Suspected bad module:
- Remove Module.
- Move Module to different slot (do errors move with module).
- Move Module to different machine.
- See "suspected temp out of spec".
- See "suspected timings out of spec".
- See "voltages out of spec".
- Clean connections.
- Check Memory Loading
- Some memory controllers can only support so many 'ranks' of memory at a given speed.
For example, Opterons/Athlon64s can support only 4 ranks of 2 GB at PC3200. See http://www.valueram.com/memoryranks/default.asp for definitions.

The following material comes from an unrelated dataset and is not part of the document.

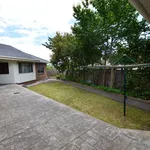 Rent 4 bedroom house in Mount Waverley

Suspected bad motherboard:
- Check motherboard docs for memory module compatability.
- Move modules to different slots.
- Clean connections.
- Upgrade BIOS.
- Select BIOS "fail-safe defaults", or equivalent change settings from there to isolate cause.
Suspected bad connection:
- Visually check connectors, pins, modules etc.

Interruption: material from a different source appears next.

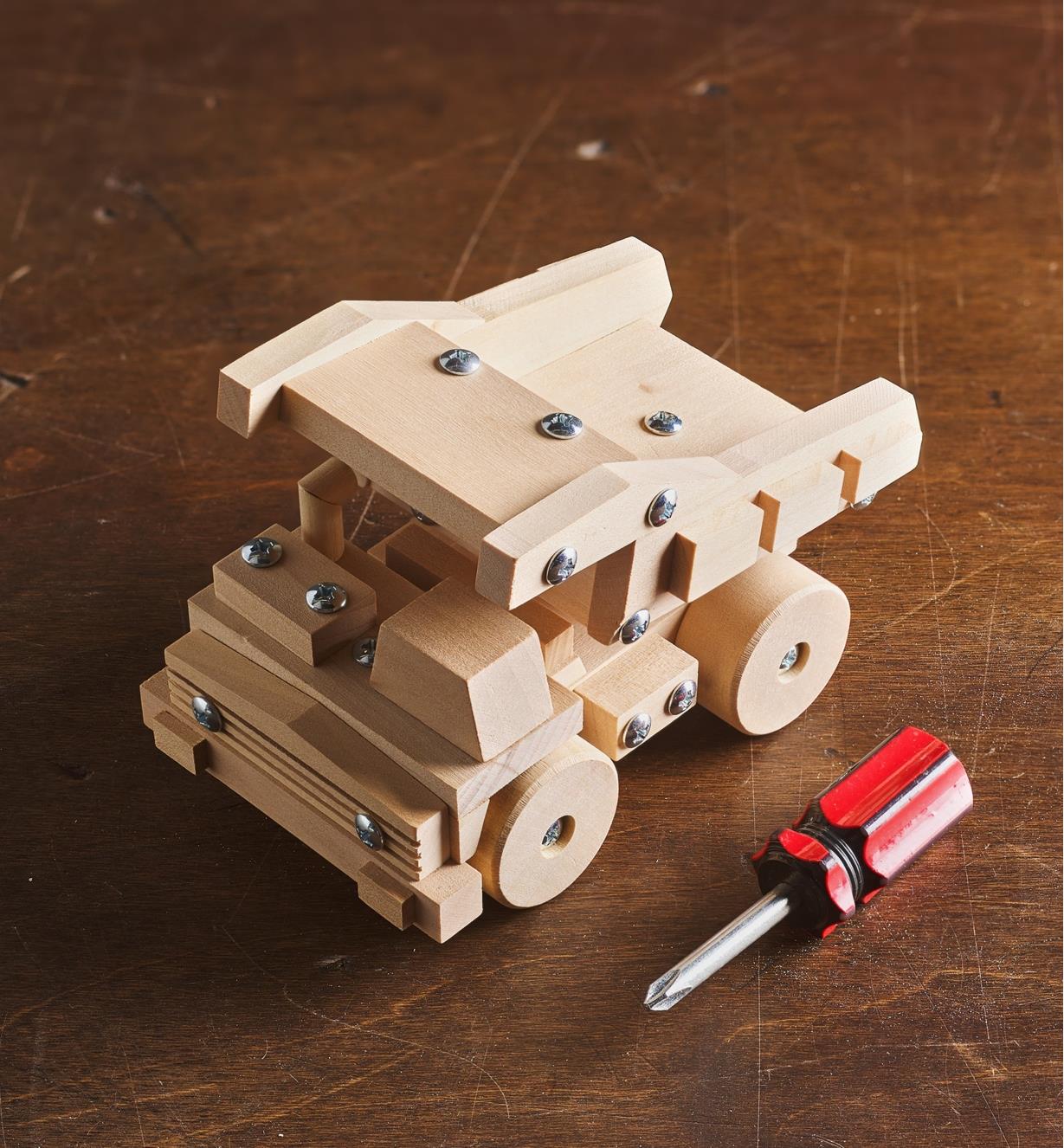 09A0557 - Dump Truck Easy-To-Build Wooden Toy Kit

Suspected temp out of spec:
- Measure temp, compare to published specs:
- Use internal machine sensors (motherboard, hard drive etc.) if possible.
- Use a temperature probe or infra-red thermometer.
- Check airflow.
- Lower temp:
- Lower room temp.
- Increase cooling.
- Improve airflow (tidy cables etc.).
Suspected timings out of spec:
- Try different BIOS version.
- Set pessimistic memory timings in BIOS.
- Compare memory controller timings to DIMM specs, using decode-dimms.pl from the Linux i2c project.
- Try disabling "spread spectrum" in the BIOS (easy if available), or by using an i2c driver for your board's clock generator (hard).
Suspected voltage out of spec:
- Check PSU specs vs. total demand of system components.
- Swap power supply with another machine.
- Fit voltage regulator/spike suppressor to machine power supply.
Suspected single event upsets:
- Fit less susceptible components
- Move to a lower altitude, or area with lower cosmic radiation.
- Move your data centre underground.
- Improve error-reporting utilities to ignore them.
Suspected bad check-bit init:
- Upgrade BIOS.
- Don't enable BIOS "quick boot".
- Don't manually skip BIOS memory check.
Suspected insufficient powersupply:
- Try detaching some devices that are hardly use. Start with USB devices.
- If the problems stop, either structurally reduce the devices, or get a higher capacity powersupply.
- Use a DC current clamp (pref one with peak/inrush measurement function) to check over-capacity at a particular voltage.
- This is closely related to voltage out of spec. That can also be caused by just a broken supply.